Is this true? Or is it a later creation to music that was used in "La Esmeralda"?
I have the film of "La Esmeralda" danced by the Mussorgsky Ballet and the "Diane & Acteon Pas de Deux" shows up nowhere in the film, nor does any of the music from it. Neither does the "La Esmeralda Pas de Deux" by Drigo. Where does the "Diane & Acteon Pas de Deux" fit in the ballet as a whole? What about the Pas de Deux? For what dancers were these pieces created? After Petipa, who revised the choreography?
Also -
I have a film called "Essential Ballet" of the Kirov/Mariinksy at the Royal Opera House and at a Red Square Gala - it contains a performance by Lezhnina & Ruzimitov of the "Diane & Acteon Pas de Deux". This is the only performance I have ever seen live or on film where a corps de ballet is part of the Pas.
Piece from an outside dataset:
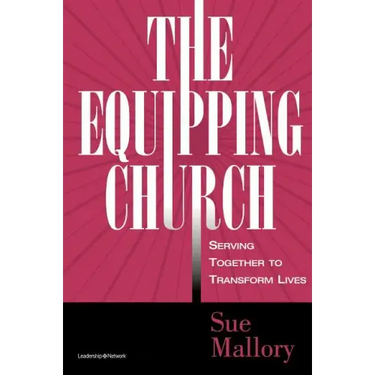 The Equipping Church: Serving Together to Transform Lives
Along with dressing up the Entree and Adagio, they have a dance right after it to music that matches the rest of Pas; they do not participate in the coda however.
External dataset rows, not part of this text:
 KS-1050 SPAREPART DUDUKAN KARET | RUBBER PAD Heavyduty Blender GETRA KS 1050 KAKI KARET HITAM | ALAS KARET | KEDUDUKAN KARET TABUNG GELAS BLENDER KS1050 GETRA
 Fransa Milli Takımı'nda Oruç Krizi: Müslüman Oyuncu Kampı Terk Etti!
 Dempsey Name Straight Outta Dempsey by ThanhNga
I have danced in this Pas myself quite a few times, and there was never a corps de ballet in it (Marat Daukeyev taught me this pas, a former Kirov dancer, and he never staged a part for a corps nor did he ever mention a corps being part of the way it is danced in Russia. He was very fond of throwing lots of Ballet History trivia at us dancers, in class and rehearsal, and I think he would have mentioned at least once a corps being part of the "real thing"). Is this performance the "true" way to dance this Pas? Or is it something that the Kirov/Mariinksy Ballet made for this performance?